# Boruvka's algorithm

 Алгоритм Борувки Sequential algorithm Serial complexity $O(|E|ln(|V|))$ Input data $O(|V| + |E|)$ Output data $O(|V|)$ Parallel algorithm Parallel form height $max O(ln(|V|))$ Parallel form width $O(|E|)$

## 1 Properties and structure of the algorithm

### 1.1 General description of the algorithm

The Borůvka algorithm[1][2] was designed for constructing the minimum spanning tree in a weighted undirected graph. It is well parallelizable and is a foundation of the distributed GHS algorithm.

### 1.2 Mathematical description of the algorithm

Let $G = (V, E)$ be a connected undirected graph with the edge weights $f(e)$. It is assumed that all the edges have distinct weights (otherwise, the edges can be sorted first by weight and then by index).

The Borůvka's algorithm is based on the following two facts:

• Minimum edge of a fragment. Let $F$ be a fragment of the minimum spanning tree, and let $e_F$ be an edge with the least weight outgoing from $F$ (that is, exactly one of its ends is a vertex in $F$). If such an edge $e_F$ is unique, then it belongs to the minimum spanning tree.
• Merging fragments. Let $F$ be a fragment of the minimum spanning tree of $G$, while the graph $G'$ is obtained from $G$ by merging the vertices that belong to $F$. Then the union of $F$ and the minimum spanning tree of $G'$ yields the minimum spanning tree of the original graph $G$.

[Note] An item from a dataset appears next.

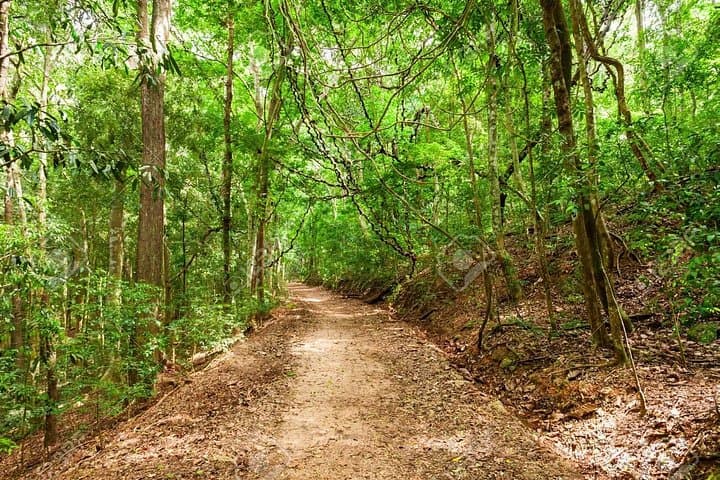 Udawatta Kele Sanctuary: Private Birdwatching and Nature Trekking near Kandy photo 4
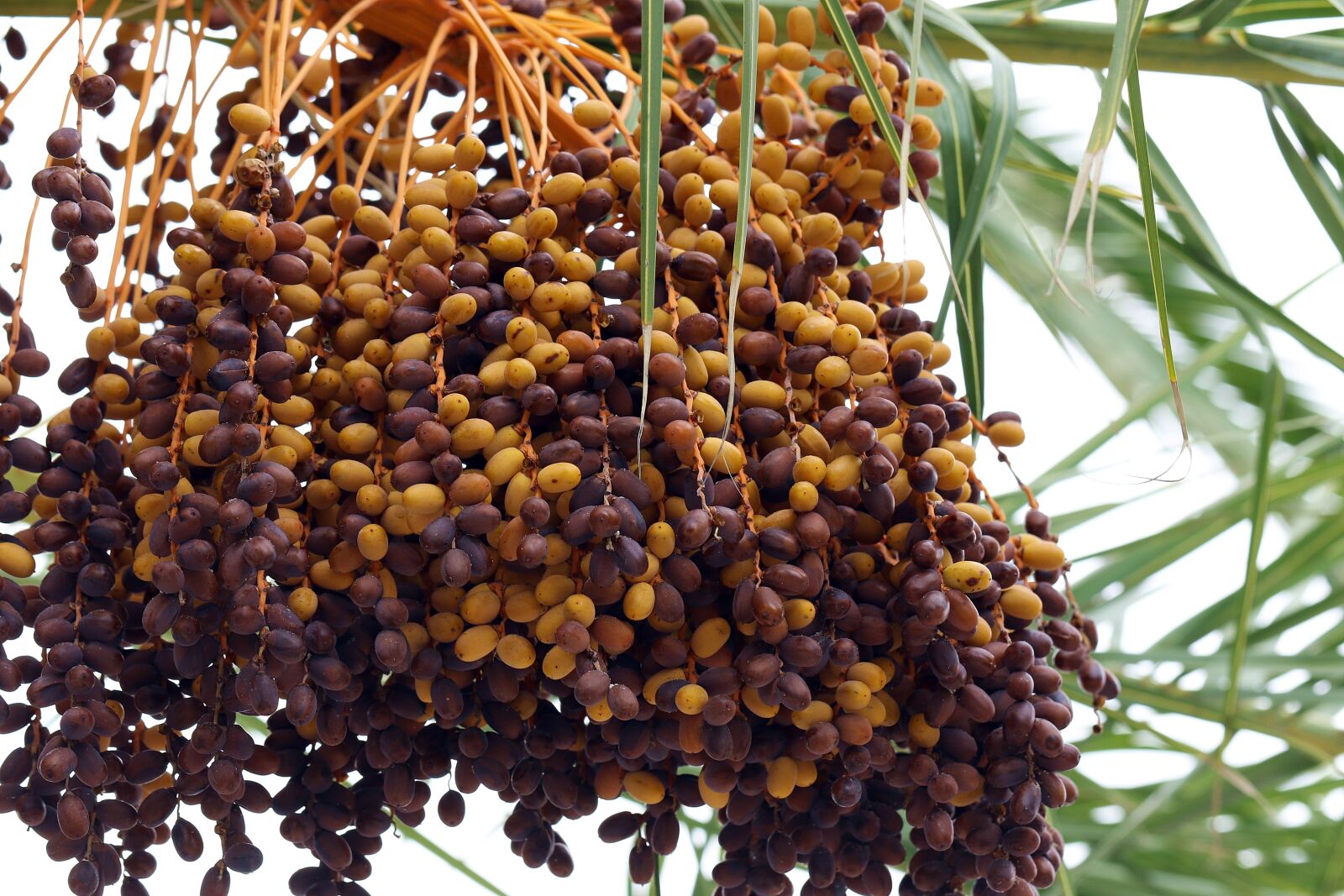 Canon EOS 7D Mark II sample photo. Palma, date palm, dates photography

At the start of the algorithm, each vertex of $G$ is a separate fragment. At the current step, the outgoing edge with the least weight (if such an edge exists) is chosen for each fragment. The chosen edges are added to the minimum spanning tree, and the corresponding fragments are merged.

### 1.3 Computational kernel of the algorithm

The basic operations of the algorithm are:

1. Search for the outgoing edge with the least weight in each fragment.
2. Merging fragments.

### 1.4 Macro structure of the algorithm

For a given connected undirected graph, the problem is to find the tree that connects all the vertices and has the minimum total weight.

The classical example (taken from Borůvka's paper) is to design the cheapest electrical network if the price for each piece of electric line is known.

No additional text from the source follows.